The longer the delay, the more money the company will require to survive before depleting their capital, also known as going bankrupt or system collapse.
Finance vs. Innovation
Most investors want this delay to be as small as possible. The quicker the company can show they can generate value, the higher their worth is. VCs measure this “valuation” both as the amount of current profit the company perceives from the market, and the potential profit of the next iteration (future potential).
To maximize this valuation, they pour their money to accelerate the iteration. On the one hand, investors want to increase the speed at which the company can deliver value (reducing the delay of the loop). On the other, they want to sustain the company as long as possible until the market starts reacting.
Here is the catch though. While companies can increase their value and the speed they deliver it, the delay of the returning loop is beyond their control. The market will react at their own time.
What’s obvious is that if the market takes a long time to react, the company will run out of capital and die, plunging their investors with them.
The question though is if that’s bad for the system or just for some of the actors. From a financial perspective, primarily, from the company’s investors, it’s terrible. They’ll lose their money.
But is it bad for the system at large?
One of the aspects that make System Thinking so compelling is the fact that all systems are connected. So while, on one side the system at large exposes a particular behavior, on another subsystem you might bear testimony to something completely different (i.e., Chaos theory).
Let’s forget financial sustainability for a second (a subsystem). If we focus on the impact of certain startups on the broader system, then a new picture emerges.
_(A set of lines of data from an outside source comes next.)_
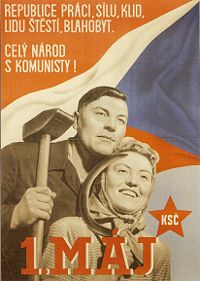 [200px-Czechoslovak_Communist_Party_-_1_Maj.jpg]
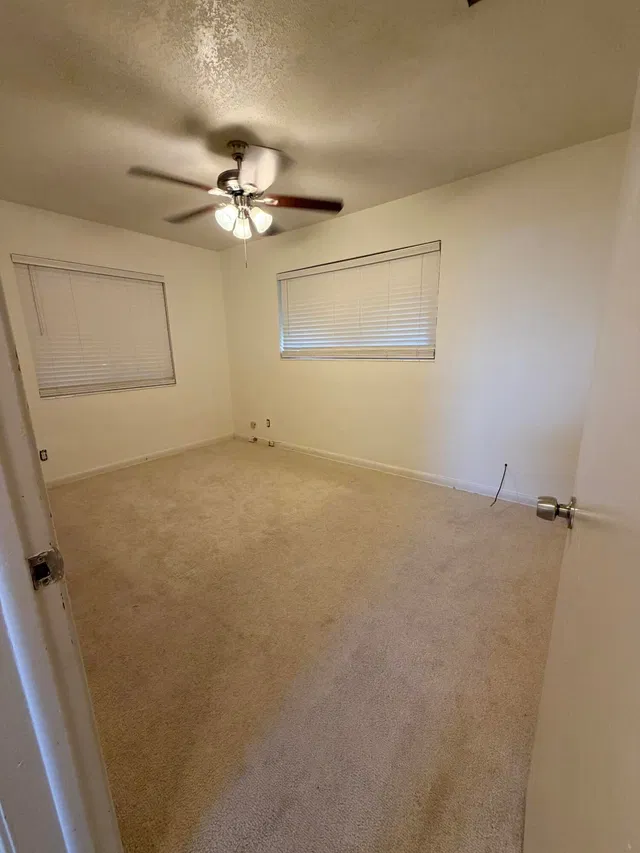 Residence photo 12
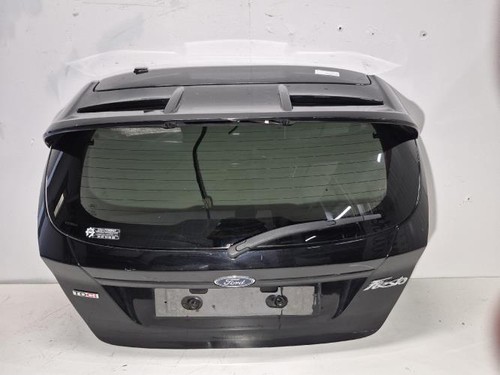 Malle hayon arriere ford - malle/hayon,
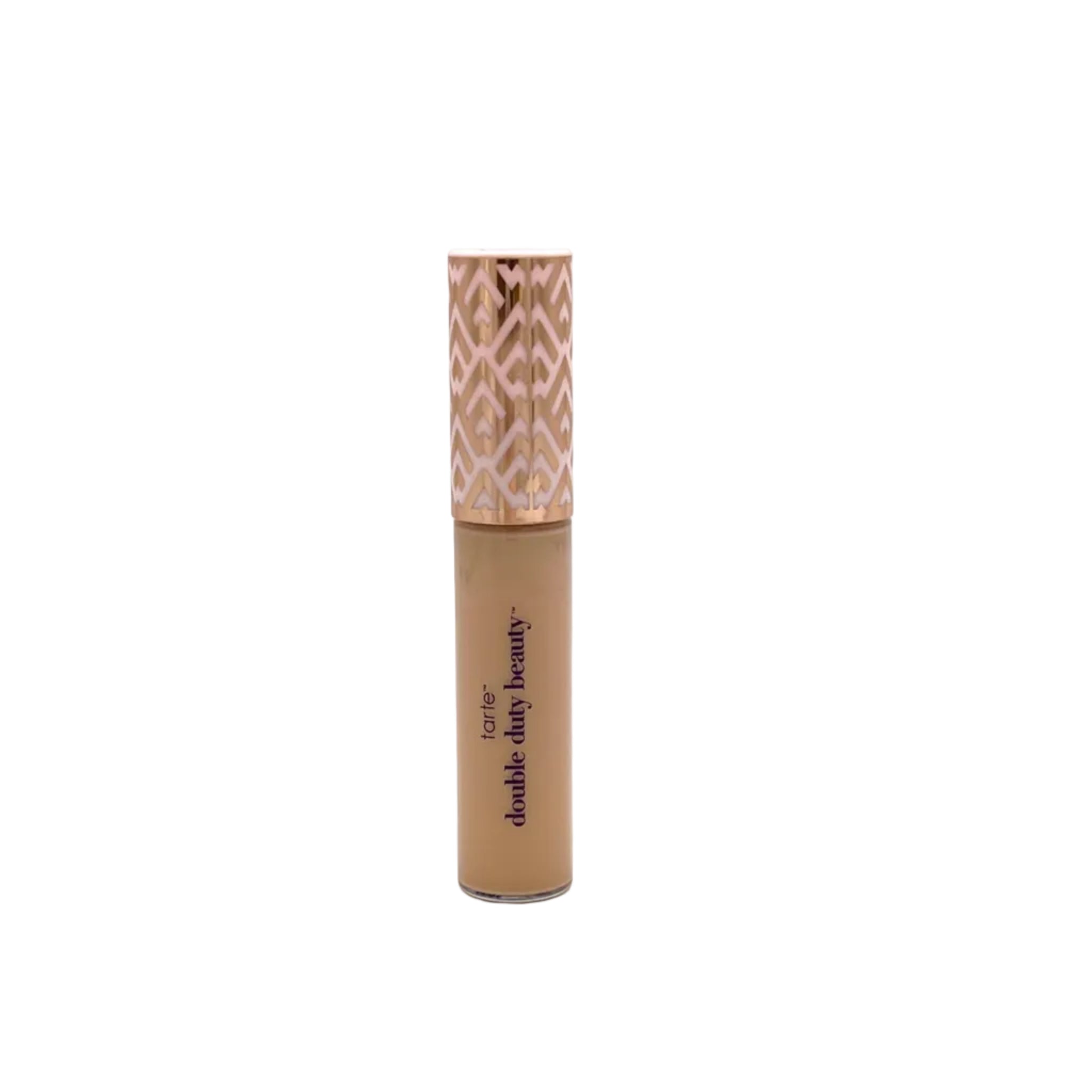 Tarte Shape Tape Radiant Concealer ~ 29N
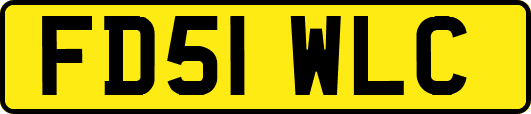 FD51WLC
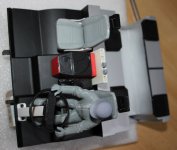 IMG_9001.JPG
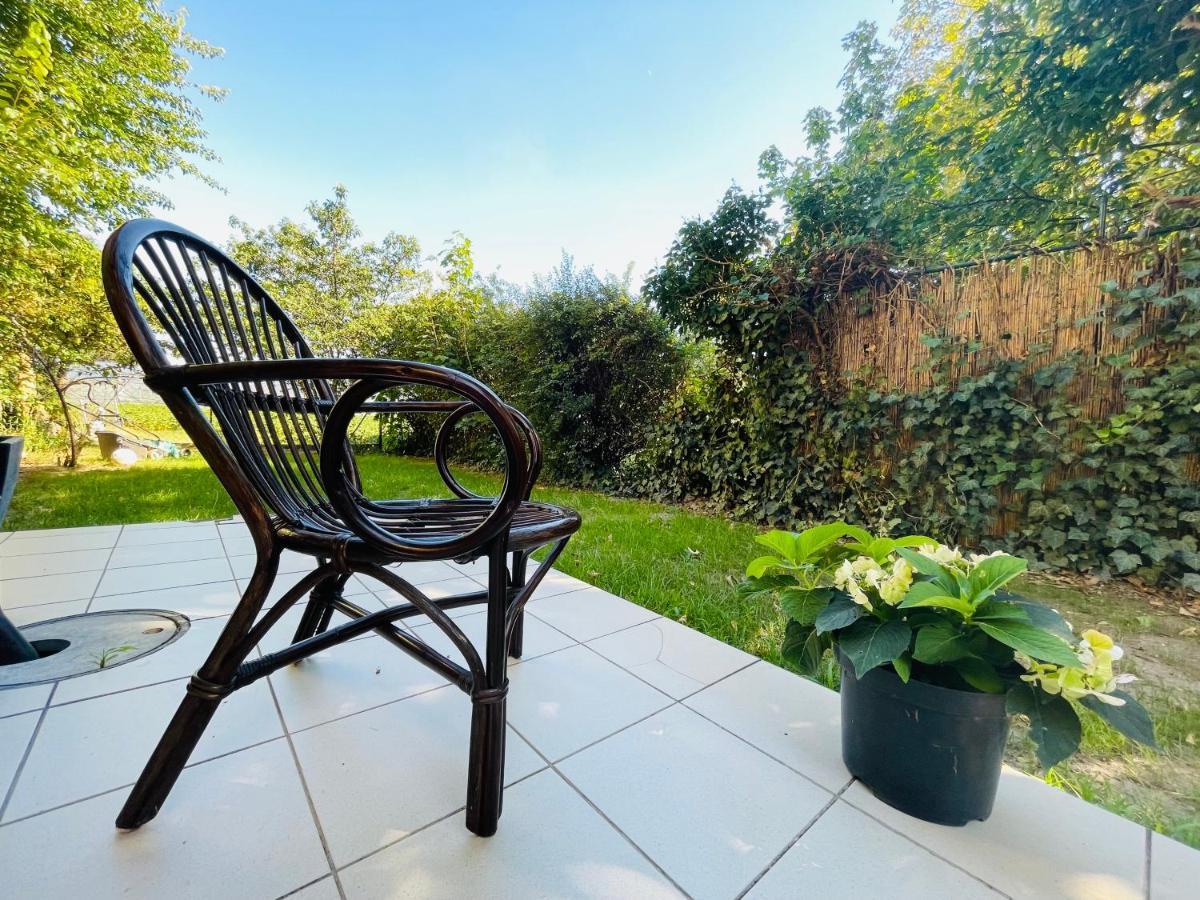 Karlsrooms Wien Ngoại thất bức ảnh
Startups, spurred by their investors, push the boundaries of innovation and try to provide ever-increasing value to the market. The effects of such innovations affect the end consumers and their latent behaviors.
For most failed startups, this effect is trivial and negligible. But a few do capture the market’s imagination. And while the market’s reaction, from an economic perspective, might be timid, they do react in other ways. One of these ways is by reinforcing an emerging behavior. A behavior that will stay in place independently of the startup that reinforced it.
Disruption at Work
An excellent example of this is WeWork. Many keep focusing on the risky and fragile financial position of the organization. And while they’re right to be wary of it, they’re missing the broader trend.
WeWork is tapping into a new emerging behavior. One, few are seeing, much less exploiting. And while it’s probable that WeWork crashes and burns, the subsequent crater will change the market landscape forever.
WeWork’s value is strengthening this new behavior. The demand for Co-Living, Co-Working, Co-Everything, will remain in place, independently of WeWork. And this is the real power of Disruption; it doesn’t go away.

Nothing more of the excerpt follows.